■ **ASSIGNED TASK**
Excluding pictures, give the entries again exactly as they appear.

:::

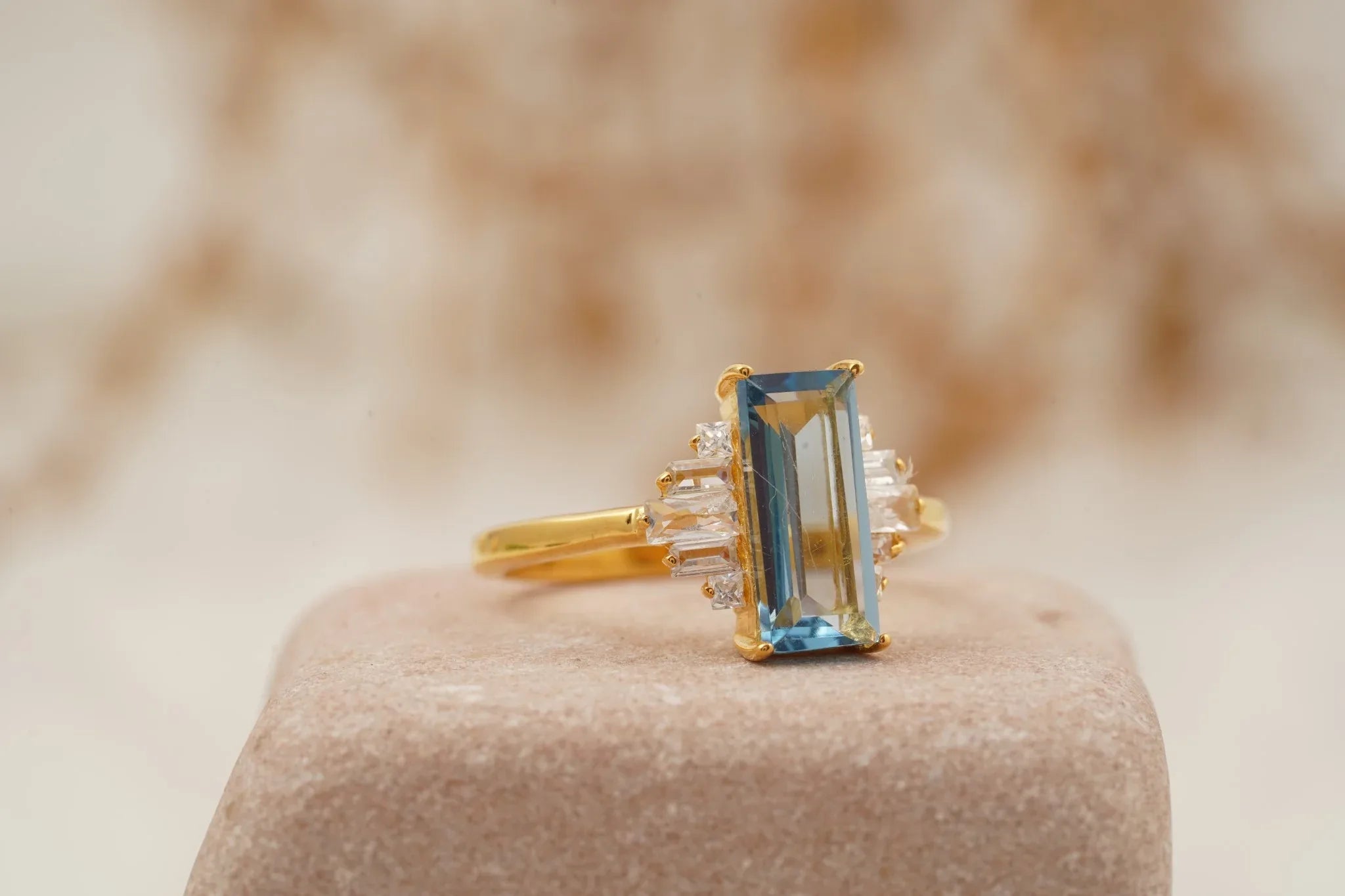 Antique Aquamarine and Moissanite Engagement Ring - MinimalistJewels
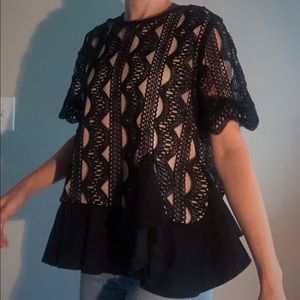 Gracia - Black Lace Blouse w/ Nude Bodice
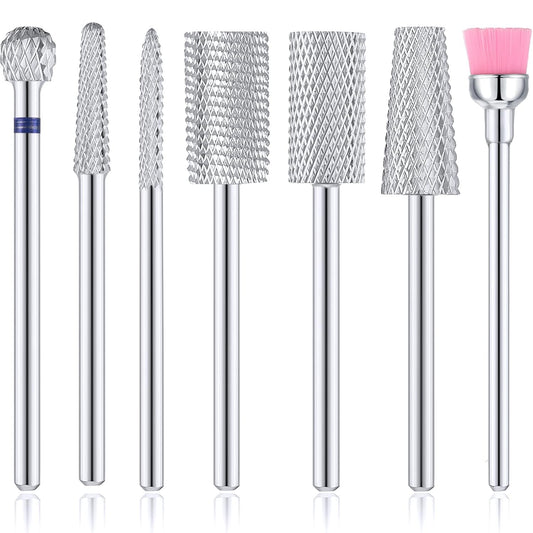 Hestya 7 Pieces Nail Drill Bits Set Tungsten Carbide Drill Bits for Nails Electric File 3/32 Inch Diamond Manicure Pedicure Cuticle Remover Tools for Acrylic Gel fingernail Salon(Silver)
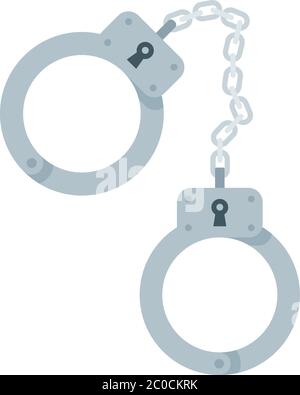 Polizei Handschellen Vektor-Symbol flach isoliert Stock Vektor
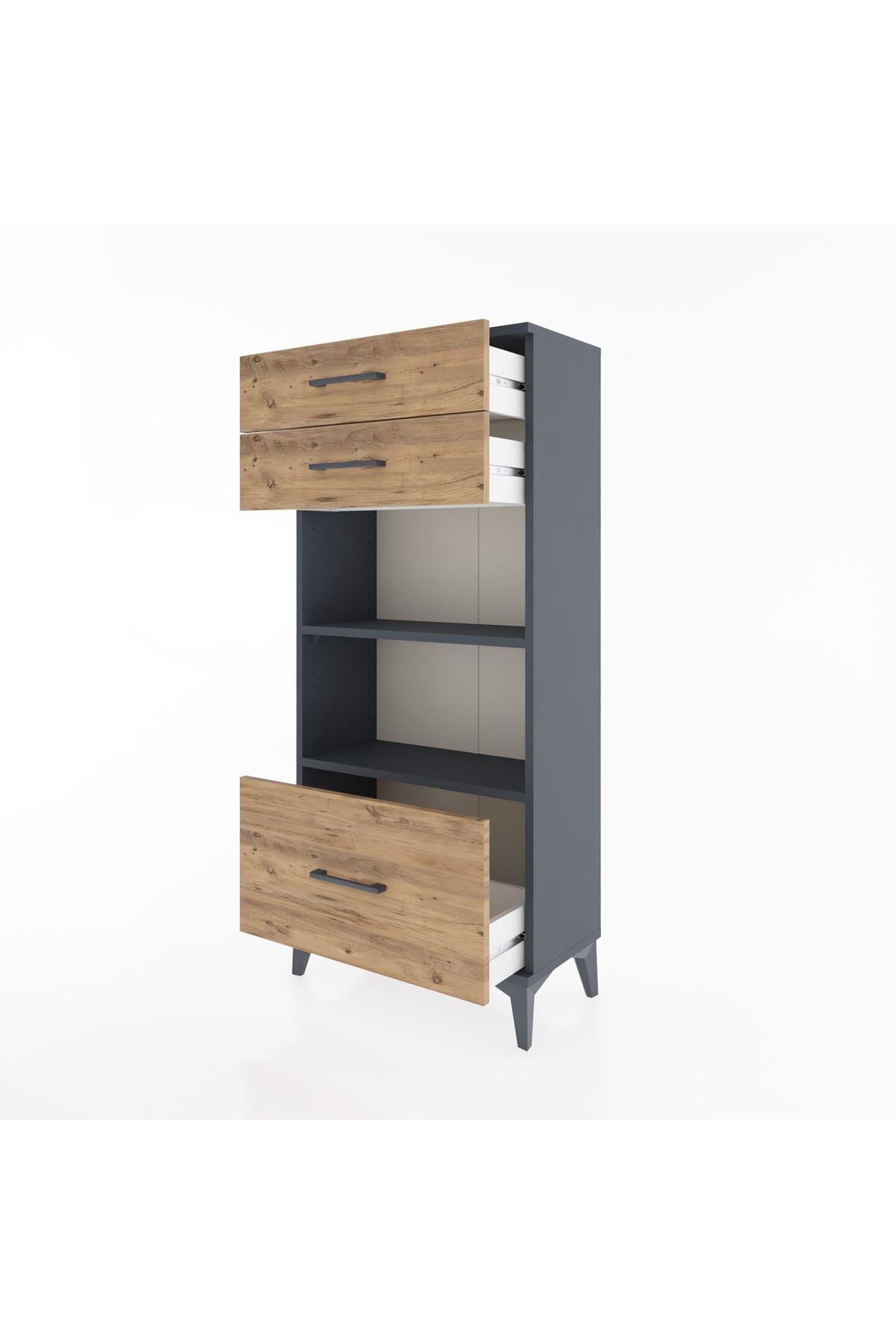 Hyperion Dolap 2 Raflı 3 Çekmeceli 60x44x134 - S50M007V6B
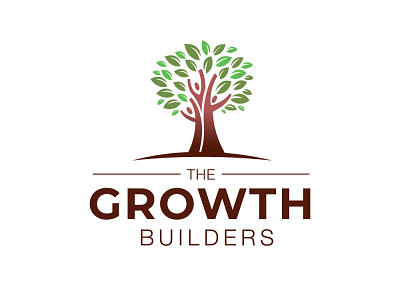 Self development logo branding design growth icon illustration logo people self development tree vector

:::

■ **TASK SOLUTION**
 Antique Aquamarine and Moissanite Engagement Ring - MinimalistJewels
 Gracia - Black Lace Blouse w/ Nude Bodice
 Hestya 7 Pieces Nail Drill Bits Set Tungsten Carbide Drill Bits for Nails Electric File 3/32 Inch Diamond Manicure Pedicure Cuticle Remover Tools for Acrylic Gel fingernail Salon(Silver)
 Polizei Handschellen Vektor-Symbol flach isoliert Stock Vektor
 Hyperion Dolap 2 Raflı 3 Çekmeceli 60x44x134 - S50M007V6B
 Self development logo branding design growth icon illustration logo people self development tree vector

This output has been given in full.